◆ Task item ◆
Every line below between the line holding "Планировка: 2-комн. квартира" and the line holding "Metal Loft Bed", inclusive, should be repeated exactly, and all other lines omitted.

Source data
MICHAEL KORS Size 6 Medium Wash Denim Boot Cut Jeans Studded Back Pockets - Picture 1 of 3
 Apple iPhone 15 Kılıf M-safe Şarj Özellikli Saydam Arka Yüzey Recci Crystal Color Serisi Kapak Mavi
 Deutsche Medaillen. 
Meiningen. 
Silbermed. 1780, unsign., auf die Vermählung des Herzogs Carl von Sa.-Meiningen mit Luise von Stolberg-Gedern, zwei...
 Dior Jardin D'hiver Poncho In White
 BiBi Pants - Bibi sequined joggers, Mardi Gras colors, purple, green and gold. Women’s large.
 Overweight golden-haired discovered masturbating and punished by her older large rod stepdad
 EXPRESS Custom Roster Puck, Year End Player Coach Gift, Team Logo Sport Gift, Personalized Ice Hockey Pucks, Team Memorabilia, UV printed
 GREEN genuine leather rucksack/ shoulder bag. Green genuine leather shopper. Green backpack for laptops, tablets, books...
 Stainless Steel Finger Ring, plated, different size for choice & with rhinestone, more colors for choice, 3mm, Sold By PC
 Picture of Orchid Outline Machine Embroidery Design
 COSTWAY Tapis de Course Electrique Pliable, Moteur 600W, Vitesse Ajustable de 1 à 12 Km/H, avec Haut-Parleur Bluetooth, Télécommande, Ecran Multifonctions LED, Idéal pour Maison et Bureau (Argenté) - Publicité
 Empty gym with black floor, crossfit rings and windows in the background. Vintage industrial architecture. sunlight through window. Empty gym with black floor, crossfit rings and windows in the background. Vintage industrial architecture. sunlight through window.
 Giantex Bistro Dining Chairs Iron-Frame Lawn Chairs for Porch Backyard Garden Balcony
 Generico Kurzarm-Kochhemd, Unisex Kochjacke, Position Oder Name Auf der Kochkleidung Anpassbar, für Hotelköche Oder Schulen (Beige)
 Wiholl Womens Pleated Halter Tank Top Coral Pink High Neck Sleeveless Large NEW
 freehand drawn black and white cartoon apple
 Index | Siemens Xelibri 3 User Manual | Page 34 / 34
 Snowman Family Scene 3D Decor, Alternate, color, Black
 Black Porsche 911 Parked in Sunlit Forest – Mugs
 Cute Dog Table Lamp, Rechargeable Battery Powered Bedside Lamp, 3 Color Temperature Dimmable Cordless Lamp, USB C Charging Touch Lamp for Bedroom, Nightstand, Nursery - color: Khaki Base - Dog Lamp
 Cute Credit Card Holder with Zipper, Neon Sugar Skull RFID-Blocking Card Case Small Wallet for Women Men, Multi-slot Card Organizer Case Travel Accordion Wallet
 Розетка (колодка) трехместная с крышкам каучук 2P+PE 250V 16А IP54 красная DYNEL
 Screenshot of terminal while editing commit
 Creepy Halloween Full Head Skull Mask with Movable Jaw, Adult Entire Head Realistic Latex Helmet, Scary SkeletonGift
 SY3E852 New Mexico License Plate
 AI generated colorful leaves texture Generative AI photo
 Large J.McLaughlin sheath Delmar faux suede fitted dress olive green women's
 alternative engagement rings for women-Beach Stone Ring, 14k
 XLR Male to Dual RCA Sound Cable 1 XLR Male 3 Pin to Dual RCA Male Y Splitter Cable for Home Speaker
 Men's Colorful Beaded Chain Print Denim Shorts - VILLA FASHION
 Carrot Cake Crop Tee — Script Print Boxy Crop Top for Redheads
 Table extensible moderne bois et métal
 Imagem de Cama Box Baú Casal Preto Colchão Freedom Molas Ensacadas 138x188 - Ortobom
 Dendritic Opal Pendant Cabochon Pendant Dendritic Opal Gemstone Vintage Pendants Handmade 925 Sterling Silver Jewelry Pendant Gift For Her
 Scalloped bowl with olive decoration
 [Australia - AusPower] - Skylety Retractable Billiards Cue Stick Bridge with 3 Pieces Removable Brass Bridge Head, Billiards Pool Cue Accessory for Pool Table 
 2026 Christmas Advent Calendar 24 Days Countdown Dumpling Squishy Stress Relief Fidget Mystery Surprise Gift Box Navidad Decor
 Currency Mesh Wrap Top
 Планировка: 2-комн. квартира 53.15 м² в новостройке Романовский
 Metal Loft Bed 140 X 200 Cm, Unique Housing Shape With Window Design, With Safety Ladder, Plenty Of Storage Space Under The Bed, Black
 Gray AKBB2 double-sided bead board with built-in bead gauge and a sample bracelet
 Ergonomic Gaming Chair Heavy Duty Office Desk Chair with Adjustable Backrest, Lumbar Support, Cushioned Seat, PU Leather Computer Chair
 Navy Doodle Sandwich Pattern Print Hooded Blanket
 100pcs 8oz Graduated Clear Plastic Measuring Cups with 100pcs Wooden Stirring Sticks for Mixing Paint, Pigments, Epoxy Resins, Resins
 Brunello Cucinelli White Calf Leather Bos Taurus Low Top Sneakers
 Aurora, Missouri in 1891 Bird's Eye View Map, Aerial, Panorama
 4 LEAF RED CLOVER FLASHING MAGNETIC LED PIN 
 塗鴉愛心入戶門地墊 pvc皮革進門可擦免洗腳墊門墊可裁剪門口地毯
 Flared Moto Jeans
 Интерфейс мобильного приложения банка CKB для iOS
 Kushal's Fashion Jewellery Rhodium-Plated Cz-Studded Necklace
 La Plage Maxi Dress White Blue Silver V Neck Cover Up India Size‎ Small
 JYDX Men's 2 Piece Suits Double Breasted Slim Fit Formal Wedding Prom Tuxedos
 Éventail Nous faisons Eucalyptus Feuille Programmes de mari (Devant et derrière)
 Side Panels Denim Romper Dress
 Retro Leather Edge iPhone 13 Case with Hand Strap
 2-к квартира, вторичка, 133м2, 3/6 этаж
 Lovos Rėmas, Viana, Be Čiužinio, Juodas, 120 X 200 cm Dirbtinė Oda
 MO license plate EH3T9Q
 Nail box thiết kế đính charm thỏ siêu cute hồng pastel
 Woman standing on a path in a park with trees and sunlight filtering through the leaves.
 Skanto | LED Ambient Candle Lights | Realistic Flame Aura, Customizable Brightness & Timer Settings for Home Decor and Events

◆ Task result ◆
 Планировка: 2-комн. квартира 53.15 м² в новостройке Романовский
 Metal Loft Bed 140 X 200 Cm, Unique Housing Shape With Window Design, With Safety Ladder, Plenty Of Storage Space Under The Bed, Black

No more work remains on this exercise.